En cuanto al número de diputados caben pocas dudas. El Parlamento asturiano tiene un tamaño que supera sólo al cántabro y al riojano. Aunque estas dos cámaras han retirado escaños de sus hemiciclos, ya pequeños, y nuestro Estatuto admite la posibilidad de un Parlamento de 35 escaños, los asturianos eligen un diputado por cada 20.000 electores, en tanto que en los parlamentos del Estado autonómico cada diputado representa a una media de 23.800 electores, una relación que oscila entre los 58.000 electores de Andalucía y los 7.000 de La Rioja. No puede decirse, por tanto, que la Junta General carece del tamaño suficiente para ser representativa de la sociedad asturiana y quedaría por ver si dicha magnitud, por el contrario, puede reducirse sin afectar a su rendimiento.

Estos días se discute más sobre el sueldo de los diputados. El debate está siendo algo confuso y lleva camino de no ir a ninguna parte, salvo a distanciar un poco más a los ciudadanos de los políticos. El PP argumenta que existe la imperiosa necesidad de recortar gasto público y que los políticos deben ser los primeros en dar ejemplo.
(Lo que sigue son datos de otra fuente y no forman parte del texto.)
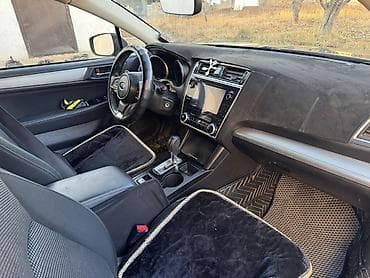 двигател портер 1: Subaru Outback: 2019 г., 2.5 л, Вариатор, Бензин, Универсал — 6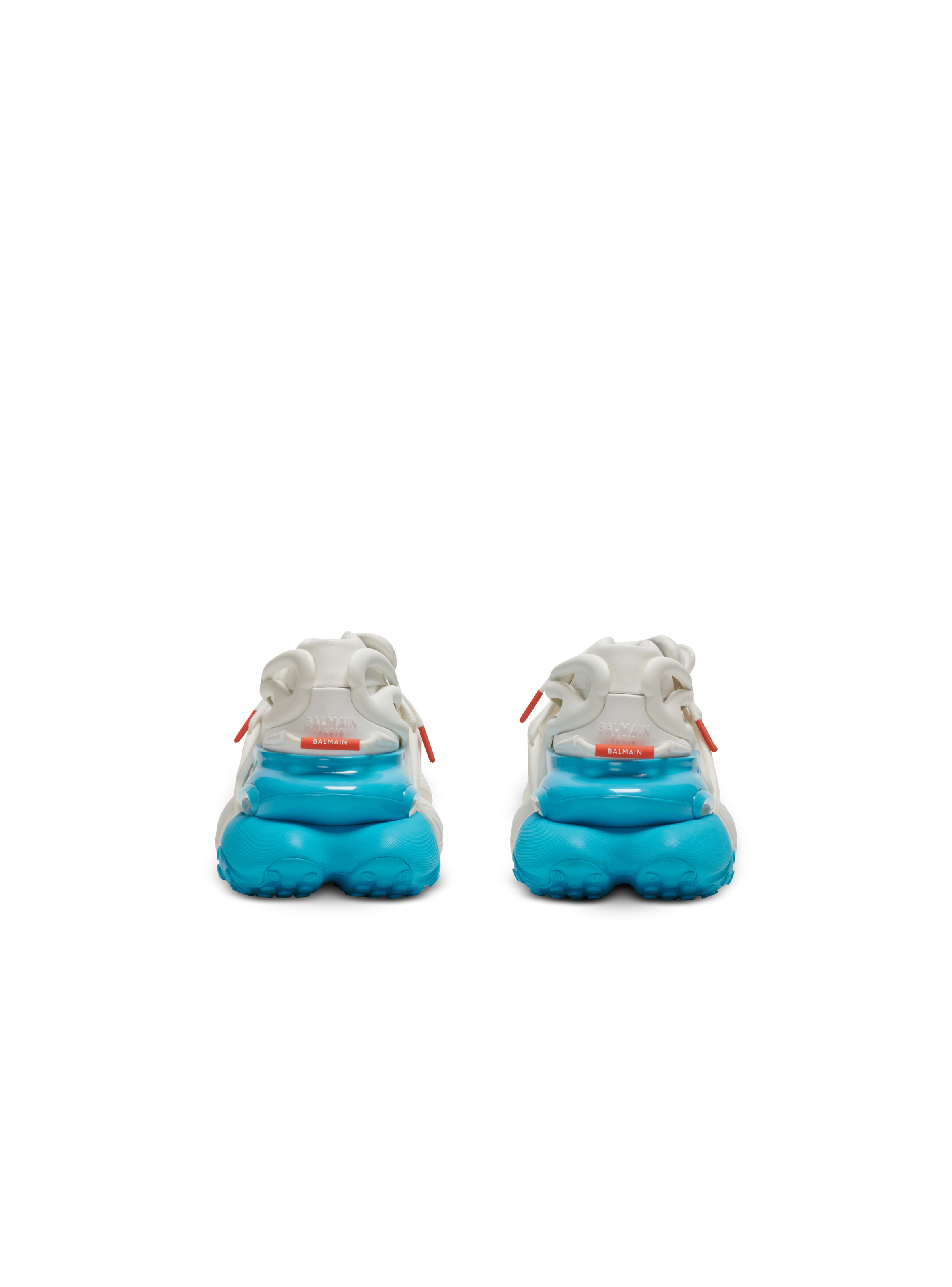 Unicorn trainers in neoprene and leather - 5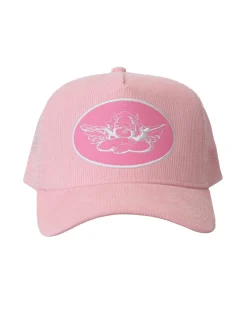 Rich In Pink Trucker Hat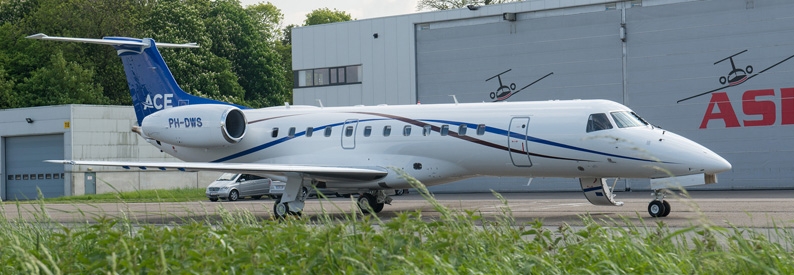 Benelux's ASL Group eyes maiden ERJ-145 for VIP ops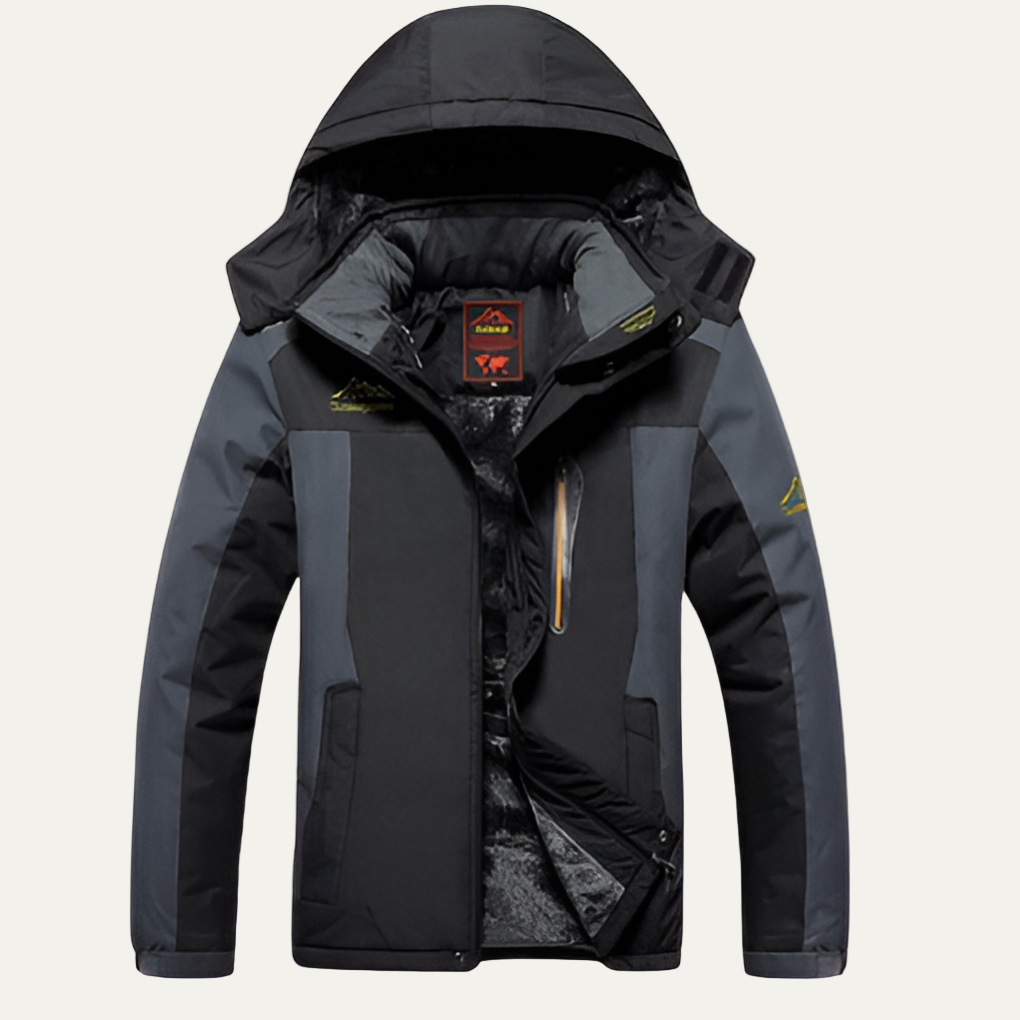 Men's Waterproof Lightweight Outdoor Jacket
Pero, antes de ir al fondo del asunto, el efecto inmediato de su propuesta ha sido una nueva devaluación de la actividad política. Los dirigentes de los partidos de izquierda han respondido, por su parte, con el doble argumento de la igualdad de oportunidades para ejercer un cargo representativo y de las exigencias de la política actual para defender la dedicación exclusiva de los diputados y, en consecuencia, la retribución de su trabajo mediante un salario. Ambos argumentos son débiles, cada uno en un punto. En los parlamentos donde se ha establecido la exclusividad no se ha visto aumentar el porcentaje de obreros, por ejemplo fontaneros, sino todo lo contrario. Los escaños, ya sea el Congreso o cualquier Cámara regional, tienden a ser ocupados cada vez en mayor proporción por funcionarios, docentes la mayoría, y abogados. Apenas hay trabajadores diputados, ni siquiera en las filas de la izquierda. Por otra parte, la Junta General desarrolló sus funciones durante más de una década retribuyendo el trabajo de sus miembros con dietas, pues el Estatuto de Autonomía, en su redacción inicial, siguiendo una recomendación de los acuerdos autonómicos firmados en 1981 por UCD y PSOE, descartaba expresamente la fijación de un salario. Y en la actualidad hay muchos parlamentos autonómicos que ofrecen al diputado la posibilidad de elegir entre la exclusividad y la compatibilidad de su escaño con otra actividad laboral, correspondiendo en cada caso una retribución diferente.

La cuestión del salario de los políticos ha sido y será siempre motivo de disputa. Para resolverla, los asturianos disponemos de los argumentos teóricos, pero también de nuestra experiencia y la de los demás. Lo que habría que procurar es no confundir el objetivo. La crítica a los políticos puede hacer mella en las instituciones. Si no nos convence el trabajo que realizan, el sistema electoral debería facilitar a los ciudadanos su sustitución por otros, y si no es así, lo que procede es modificar el propio sistema electoral. Pero la institución parlamentaria cumple funciones esenciales para la democracia. La principal lección que nos ha dejado esta crisis desde el principio es que la sociedad necesita instituciones fuertes con las que protegerse de la falta de moral de los capitales y de los malos políticos. Todo esto requiere mucha actividad, sobre todo de control, que los diputados tengan más en cuenta a los ciudadanos y que éstos encuentren motivos para darles su confianza y reconocer el valor de su trabajo. Las sociedades prósperas disfrutan de su situación gracias, entre otras cosas, a que han sido capaces de darse instituciones políticas de calidad y eficaces.